São momentos de terror. O medo aumenta e as lágrimas correm enquanto os nomes de quem faleceu nos confrontos da Ucrânia se precipitam diante de Ana Muljavka. «O corpo arrepiava-se todo, custa ver tanta gente, até jovens; tenho um filho com 17 anos, se estivéssemos lá podia ser ele», declara a O INTERIOR esta ucraniana, de 38 anos, visivelmente emocionada.

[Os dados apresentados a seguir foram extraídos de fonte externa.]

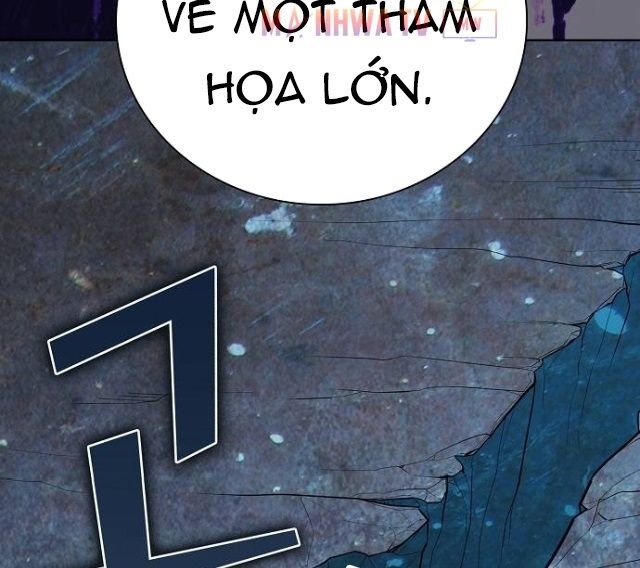 Đọc truyện Tôi là người chơi leo tháp một mình - Chap 18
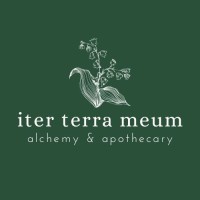 Iter Terra Meum logo - Similar company to Connected State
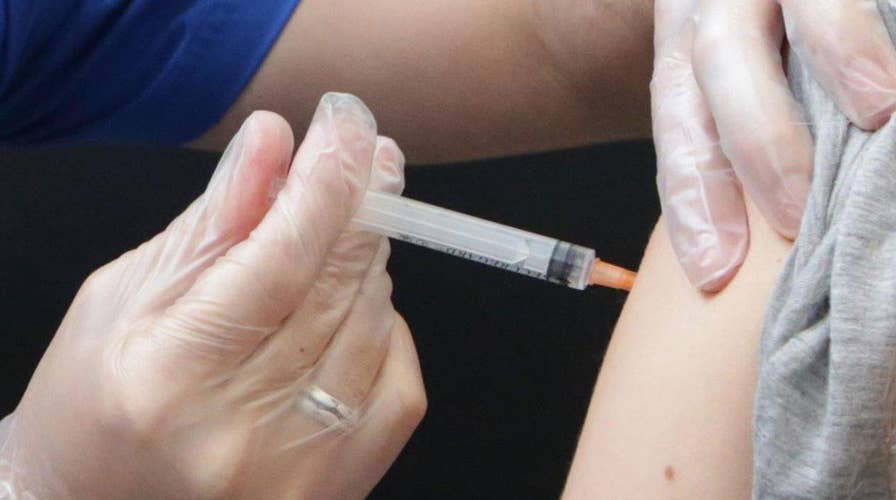 New laws and regulations for 2016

Quando a lista termina sem a presença de ninguém conhecido, a imigrante radicada na Guarda sente-se ligeiramente aliviada – a mesma sensação que tem quando liga à família e ouve que está tudo bem. O país atravessa uma forte crise política desde novembro, depois do Governo ter suspenso o acordo de associação com a União Europeia, o que motivou diversos protestos e confrontos violentos, tendo resultado em centenas de mortos. Deste lado da Europa, a preocupação é constante: «Enquanto não sossegar lá, nós aqui também não, estamos solidários», afirma a empregada de limpeza, natural de Lviv, onde tem família: «No último mês falámos quase todos os dias», adianta, dizendo que não é possível trazer ninguém: «É preciso documentos e tem de ser na capital, mas lá está tudo complicado», evidencia.
Ana Muljavka saiu da Ucrânia em 2001, pois «eu e o meu marido éramos enfermeiros e nem conseguíamos dar de comer aos filhos. Saímos para procurar outra vida e ajudar os nossos pais», afirma. «Na Ucrânia não há classe média: há pobre, muito pobre e rico», sublinha a imigrante, reiterando que «as pessoas revoltaram-se porque não conseguem aguentar a pobreza». Já em relação à situação da Crimeia, que no domingo votou favoravelmente em referendo a “mudança” para a Rússia, Ana Muljavka é peremptória: «Não queremos a Ucrânia dividida como a República Checa», afirma, ressalvando que o território tem «gás e petróleo, então a Rússia quer aproveitar». A situação é tema de conversa recorrente com outros imigrantes, unidos na dor e na impotência de não poderem fazer nada: «Há quem tenha filhos na Ucrânia e diga “tu tens sorte, o meu filho já recebeu uma carta da tropa e podem chamá-lo”», refere.
«Não é a revolução dos “pobrezinhos”»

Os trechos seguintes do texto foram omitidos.